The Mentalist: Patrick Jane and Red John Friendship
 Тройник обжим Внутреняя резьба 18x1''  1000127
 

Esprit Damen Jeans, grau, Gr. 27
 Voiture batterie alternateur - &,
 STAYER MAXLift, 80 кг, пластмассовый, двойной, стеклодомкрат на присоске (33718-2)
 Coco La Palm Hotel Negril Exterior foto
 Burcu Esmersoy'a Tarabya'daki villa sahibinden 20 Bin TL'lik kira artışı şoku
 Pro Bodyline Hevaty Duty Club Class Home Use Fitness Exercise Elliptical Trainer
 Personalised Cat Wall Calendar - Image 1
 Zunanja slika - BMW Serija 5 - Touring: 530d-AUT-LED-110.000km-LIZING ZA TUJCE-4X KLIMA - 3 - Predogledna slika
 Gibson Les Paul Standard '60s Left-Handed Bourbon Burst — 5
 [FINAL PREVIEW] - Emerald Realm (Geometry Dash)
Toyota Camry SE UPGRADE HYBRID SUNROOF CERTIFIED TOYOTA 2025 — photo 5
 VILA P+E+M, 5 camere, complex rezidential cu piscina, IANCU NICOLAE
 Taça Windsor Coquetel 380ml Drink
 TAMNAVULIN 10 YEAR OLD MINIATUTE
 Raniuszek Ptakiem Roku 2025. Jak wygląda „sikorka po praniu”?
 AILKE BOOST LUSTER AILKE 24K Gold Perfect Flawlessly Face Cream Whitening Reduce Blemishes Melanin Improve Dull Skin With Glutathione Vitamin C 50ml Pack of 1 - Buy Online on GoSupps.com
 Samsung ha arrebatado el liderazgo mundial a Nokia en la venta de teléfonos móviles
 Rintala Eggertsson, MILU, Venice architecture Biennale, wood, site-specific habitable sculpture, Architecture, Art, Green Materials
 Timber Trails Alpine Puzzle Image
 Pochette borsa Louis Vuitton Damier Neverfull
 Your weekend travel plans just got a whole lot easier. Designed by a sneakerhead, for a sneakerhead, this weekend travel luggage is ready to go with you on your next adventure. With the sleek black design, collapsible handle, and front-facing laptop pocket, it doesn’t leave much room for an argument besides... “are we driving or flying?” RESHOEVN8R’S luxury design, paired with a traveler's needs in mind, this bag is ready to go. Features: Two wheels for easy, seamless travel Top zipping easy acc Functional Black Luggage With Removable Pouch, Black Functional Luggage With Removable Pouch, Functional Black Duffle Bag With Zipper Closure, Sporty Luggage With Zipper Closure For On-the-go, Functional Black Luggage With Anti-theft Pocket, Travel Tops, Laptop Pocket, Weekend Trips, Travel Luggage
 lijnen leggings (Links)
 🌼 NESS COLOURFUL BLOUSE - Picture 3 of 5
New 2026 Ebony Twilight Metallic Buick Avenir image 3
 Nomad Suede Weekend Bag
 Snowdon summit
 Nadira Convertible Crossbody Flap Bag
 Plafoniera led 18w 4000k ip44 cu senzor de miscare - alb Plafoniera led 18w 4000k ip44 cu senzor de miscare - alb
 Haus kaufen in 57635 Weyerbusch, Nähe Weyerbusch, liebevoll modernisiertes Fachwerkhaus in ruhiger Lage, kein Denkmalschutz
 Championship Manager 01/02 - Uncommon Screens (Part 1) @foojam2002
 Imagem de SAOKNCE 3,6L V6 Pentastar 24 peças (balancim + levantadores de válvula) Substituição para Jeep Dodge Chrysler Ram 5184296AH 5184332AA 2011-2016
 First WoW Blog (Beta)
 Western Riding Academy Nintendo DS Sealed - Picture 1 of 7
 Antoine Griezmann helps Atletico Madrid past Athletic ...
* * *
**INSTRUCTIONS FOR THE TASK**: Filter the listing by the string "Picture"; copy each matching line.

**RESULT OF THE EXERCISE**:
 🌼 NESS COLOURFUL BLOUSE - Picture 3 of 5
 Western Riding Academy Nintendo DS Sealed - Picture 1 of 7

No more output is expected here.